Reputation: 143
I'm trying to find an efficient way to loop through elements in a list, and to group common elements together into another list, grouplist.
Exmaple
In[]: grouplist = []
In[]: filelist
Out[]:['C:\\West-California-North-10.xlsx',
'C:\\West-California-North-5.xlsx',
'C:\\West-California-East-1.xlsx',
'C:\\West-California-South-1.xlsx',
'C:\\South-California-North-5.xlsx',
'C:\\West-California-South-3.xlsx']
I want to find a group of common patterns, with different integers.
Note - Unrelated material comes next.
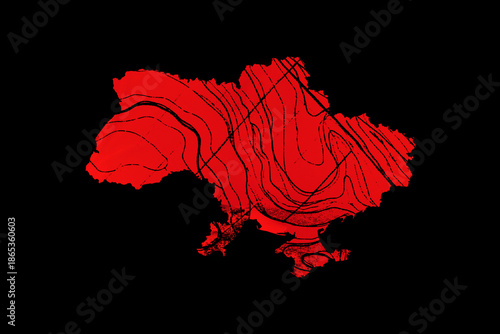 A red map of Ukraine with black lines on a black background as a symbol of tension, danger, war, and hope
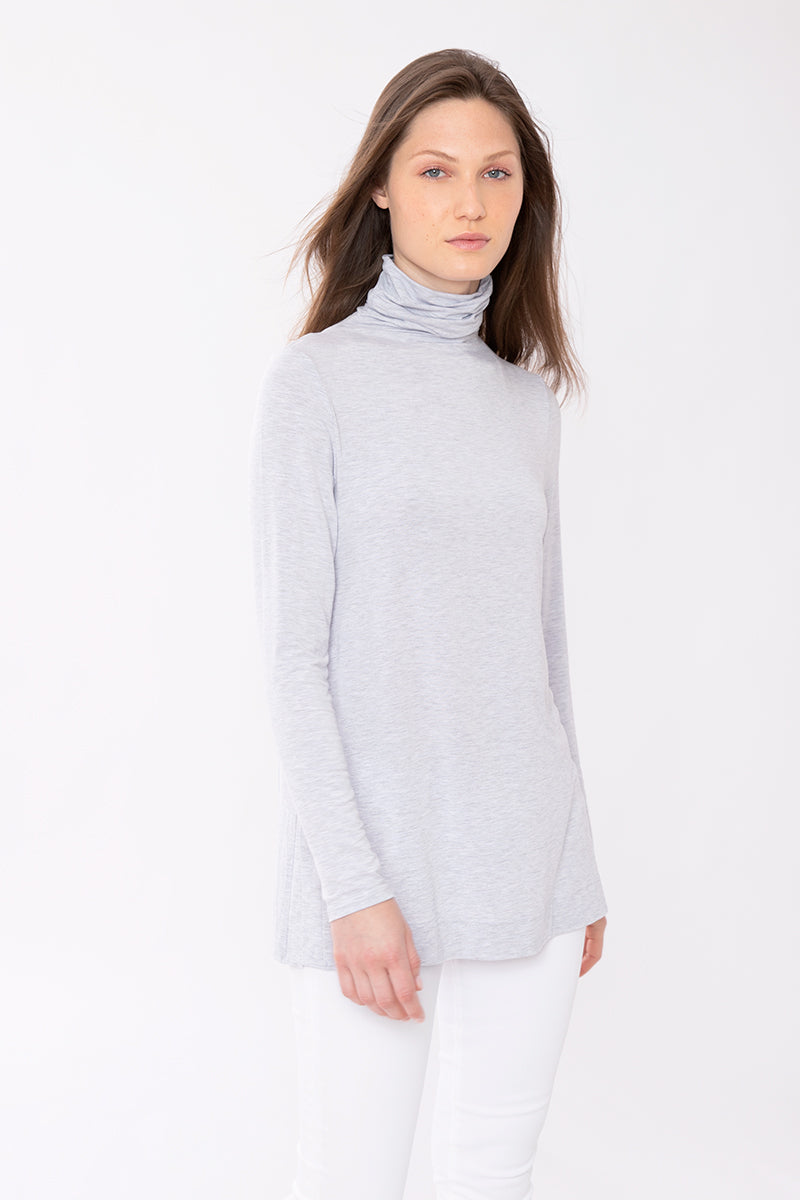 Kinross Cashmere Bamboo Scrunch Neck Tunic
So in this case,
First iteration grouplist =
C:\\West-California-North-10.xlsx
C:\\West-California-North-5.xlsx
Second Iteration =
C:\\West-California-East-1.xlsx
Third Iteration =
C:\\West-California-South-1.xlsx
C:\\West-California-South-3.xlsx
Upvotes: 2
Views: 584
Reputation: 4504
Here is another way of using regex and itertools.groupby:
import re
from itertools import groupby
filelist = ['C:\\West-California-North-10.xlsx',
'C:\\West-California-North-5.xlsx',
'C:\\West-California-East-1.xlsx',
'C:\\West-California-South-1.xlsx',
'C:\\South-California-North-5.xlsx',
'C:\\West-California-South-3.xlsx']
keyfunc = lambda x: re.match('(.*)-\d+\.xlsx', x).group(1)
keys = [ keyfunc(f) for f in filelist]
grouplist = [list(v) for k,v in groupby(sorted(filelist), key = keyfunc)][::-1]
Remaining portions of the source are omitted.